DATASET RECORDS ->
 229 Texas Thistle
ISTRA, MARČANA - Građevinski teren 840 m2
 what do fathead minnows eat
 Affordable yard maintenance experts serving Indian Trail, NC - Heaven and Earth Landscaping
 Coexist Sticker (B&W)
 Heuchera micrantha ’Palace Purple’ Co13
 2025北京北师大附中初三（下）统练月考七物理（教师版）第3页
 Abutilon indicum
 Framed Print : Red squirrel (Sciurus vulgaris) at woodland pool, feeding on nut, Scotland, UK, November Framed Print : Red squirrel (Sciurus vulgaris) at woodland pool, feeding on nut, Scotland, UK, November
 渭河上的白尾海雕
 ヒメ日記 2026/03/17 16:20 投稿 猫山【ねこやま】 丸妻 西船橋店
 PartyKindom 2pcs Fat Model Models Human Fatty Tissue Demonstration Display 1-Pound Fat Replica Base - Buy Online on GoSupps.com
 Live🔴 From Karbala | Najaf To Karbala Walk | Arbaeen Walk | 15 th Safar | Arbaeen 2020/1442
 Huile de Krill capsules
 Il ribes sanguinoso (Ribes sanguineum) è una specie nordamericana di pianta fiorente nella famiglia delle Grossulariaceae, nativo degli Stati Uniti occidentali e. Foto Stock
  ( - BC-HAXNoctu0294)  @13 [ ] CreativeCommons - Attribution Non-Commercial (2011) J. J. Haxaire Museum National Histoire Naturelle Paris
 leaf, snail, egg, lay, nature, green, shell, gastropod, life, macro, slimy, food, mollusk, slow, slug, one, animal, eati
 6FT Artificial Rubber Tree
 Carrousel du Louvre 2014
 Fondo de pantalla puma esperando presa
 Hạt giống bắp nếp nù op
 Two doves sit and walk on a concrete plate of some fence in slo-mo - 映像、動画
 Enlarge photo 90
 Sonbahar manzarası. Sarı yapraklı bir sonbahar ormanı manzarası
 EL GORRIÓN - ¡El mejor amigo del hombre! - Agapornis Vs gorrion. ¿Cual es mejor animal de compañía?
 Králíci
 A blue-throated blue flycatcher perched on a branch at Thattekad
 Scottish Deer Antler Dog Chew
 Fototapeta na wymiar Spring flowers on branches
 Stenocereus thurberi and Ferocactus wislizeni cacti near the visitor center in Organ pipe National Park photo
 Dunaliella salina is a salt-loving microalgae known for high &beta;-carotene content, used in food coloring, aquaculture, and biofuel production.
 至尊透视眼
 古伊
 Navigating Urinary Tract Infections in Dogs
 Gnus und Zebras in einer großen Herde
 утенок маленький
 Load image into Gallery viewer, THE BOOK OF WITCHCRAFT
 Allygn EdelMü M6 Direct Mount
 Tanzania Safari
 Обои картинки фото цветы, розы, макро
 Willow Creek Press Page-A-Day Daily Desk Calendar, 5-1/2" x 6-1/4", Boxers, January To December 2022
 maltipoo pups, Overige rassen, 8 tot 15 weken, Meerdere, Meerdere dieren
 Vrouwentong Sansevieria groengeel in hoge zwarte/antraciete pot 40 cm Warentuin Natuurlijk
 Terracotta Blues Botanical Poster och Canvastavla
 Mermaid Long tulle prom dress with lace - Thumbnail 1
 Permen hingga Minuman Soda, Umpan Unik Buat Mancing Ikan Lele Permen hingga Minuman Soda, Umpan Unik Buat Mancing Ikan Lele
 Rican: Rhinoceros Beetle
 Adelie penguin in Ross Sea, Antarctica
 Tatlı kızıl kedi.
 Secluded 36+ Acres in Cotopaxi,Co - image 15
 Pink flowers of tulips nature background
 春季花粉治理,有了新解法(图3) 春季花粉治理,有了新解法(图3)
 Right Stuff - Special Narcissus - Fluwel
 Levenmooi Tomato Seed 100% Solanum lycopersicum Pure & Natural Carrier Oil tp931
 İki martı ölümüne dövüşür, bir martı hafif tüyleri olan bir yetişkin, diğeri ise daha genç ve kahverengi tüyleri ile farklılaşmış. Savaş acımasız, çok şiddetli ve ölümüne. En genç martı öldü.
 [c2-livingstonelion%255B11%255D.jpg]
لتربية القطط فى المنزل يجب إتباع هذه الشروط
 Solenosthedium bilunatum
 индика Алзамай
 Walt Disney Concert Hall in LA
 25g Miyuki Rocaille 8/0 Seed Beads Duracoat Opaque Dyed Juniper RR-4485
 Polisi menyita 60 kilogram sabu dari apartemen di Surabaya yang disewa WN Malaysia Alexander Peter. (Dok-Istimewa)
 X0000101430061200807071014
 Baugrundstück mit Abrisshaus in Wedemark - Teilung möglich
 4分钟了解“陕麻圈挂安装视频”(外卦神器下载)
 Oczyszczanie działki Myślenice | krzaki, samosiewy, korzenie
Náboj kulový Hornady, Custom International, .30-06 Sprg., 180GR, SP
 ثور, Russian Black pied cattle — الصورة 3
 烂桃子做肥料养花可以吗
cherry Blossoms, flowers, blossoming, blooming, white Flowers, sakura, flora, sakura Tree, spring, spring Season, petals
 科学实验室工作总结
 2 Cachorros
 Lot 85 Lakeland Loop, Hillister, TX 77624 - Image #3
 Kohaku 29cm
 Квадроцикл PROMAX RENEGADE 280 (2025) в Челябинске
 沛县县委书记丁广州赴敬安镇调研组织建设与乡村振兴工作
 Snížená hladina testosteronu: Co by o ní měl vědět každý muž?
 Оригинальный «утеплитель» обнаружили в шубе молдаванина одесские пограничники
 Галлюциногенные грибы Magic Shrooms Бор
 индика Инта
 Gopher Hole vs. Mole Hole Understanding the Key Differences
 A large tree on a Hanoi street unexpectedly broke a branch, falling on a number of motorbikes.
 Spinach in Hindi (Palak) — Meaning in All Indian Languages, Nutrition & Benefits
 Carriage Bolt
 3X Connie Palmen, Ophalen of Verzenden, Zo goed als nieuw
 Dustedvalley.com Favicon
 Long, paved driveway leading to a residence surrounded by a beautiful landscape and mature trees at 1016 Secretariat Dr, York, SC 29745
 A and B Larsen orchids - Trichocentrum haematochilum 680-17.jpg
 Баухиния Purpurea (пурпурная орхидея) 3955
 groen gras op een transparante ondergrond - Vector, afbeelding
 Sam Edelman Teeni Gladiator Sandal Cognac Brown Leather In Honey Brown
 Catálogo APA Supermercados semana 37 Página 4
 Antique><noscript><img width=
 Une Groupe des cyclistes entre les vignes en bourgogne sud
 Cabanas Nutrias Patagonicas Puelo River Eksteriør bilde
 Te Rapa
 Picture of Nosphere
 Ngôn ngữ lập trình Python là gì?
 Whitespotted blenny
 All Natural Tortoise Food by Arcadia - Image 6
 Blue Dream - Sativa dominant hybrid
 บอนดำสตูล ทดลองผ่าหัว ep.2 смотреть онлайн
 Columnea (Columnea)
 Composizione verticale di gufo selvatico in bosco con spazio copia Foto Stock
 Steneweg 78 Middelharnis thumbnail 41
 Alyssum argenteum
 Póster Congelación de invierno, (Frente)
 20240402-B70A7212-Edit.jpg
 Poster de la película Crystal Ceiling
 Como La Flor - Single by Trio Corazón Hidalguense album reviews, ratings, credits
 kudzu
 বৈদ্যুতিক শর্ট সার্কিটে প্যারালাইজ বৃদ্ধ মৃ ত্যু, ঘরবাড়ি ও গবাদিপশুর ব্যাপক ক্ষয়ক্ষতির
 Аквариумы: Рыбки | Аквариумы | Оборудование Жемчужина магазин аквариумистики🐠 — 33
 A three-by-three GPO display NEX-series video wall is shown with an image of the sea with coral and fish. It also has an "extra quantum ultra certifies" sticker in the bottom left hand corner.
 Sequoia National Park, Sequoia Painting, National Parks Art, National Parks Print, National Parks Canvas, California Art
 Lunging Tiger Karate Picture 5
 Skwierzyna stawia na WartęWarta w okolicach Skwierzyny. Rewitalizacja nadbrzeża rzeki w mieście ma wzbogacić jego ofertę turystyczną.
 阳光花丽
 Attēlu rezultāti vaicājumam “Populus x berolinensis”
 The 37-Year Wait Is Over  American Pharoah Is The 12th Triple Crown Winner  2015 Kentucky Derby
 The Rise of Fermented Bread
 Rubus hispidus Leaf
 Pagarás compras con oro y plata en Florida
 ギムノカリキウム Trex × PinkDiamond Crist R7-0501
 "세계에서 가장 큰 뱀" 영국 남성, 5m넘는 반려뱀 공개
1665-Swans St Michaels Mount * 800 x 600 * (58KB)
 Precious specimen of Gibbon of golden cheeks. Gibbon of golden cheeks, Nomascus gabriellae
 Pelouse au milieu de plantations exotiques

TASK REQUIREMENTS ->
Wherever the line holding "Cabanas Nutrias Patagonicas" falls in the entries above, copy exactly from it through the line holding "Poster de la película Crystal Ceiling", inclusive, and add nothing.

RESPONSE TO THE TASK ->
 Cabanas Nutrias Patagonicas Puelo River Eksteriør bilde
 Te Rapa
 Picture of Nosphere
 Ngôn ngữ lập trình Python là gì?
 Whitespotted blenny
 All Natural Tortoise Food by Arcadia - Image 6
 Blue Dream - Sativa dominant hybrid
 บอนดำสตูล ทดลองผ่าหัว ep.2 смотреть онлайн
 Columnea (Columnea)
 Composizione verticale di gufo selvatico in bosco con spazio copia Foto Stock
 Steneweg 78 Middelharnis thumbnail 41
 Alyssum argenteum
 Póster Congelación de invierno, (Frente)
 20240402-B70A7212-Edit.jpg
 Poster de la película Crystal Ceiling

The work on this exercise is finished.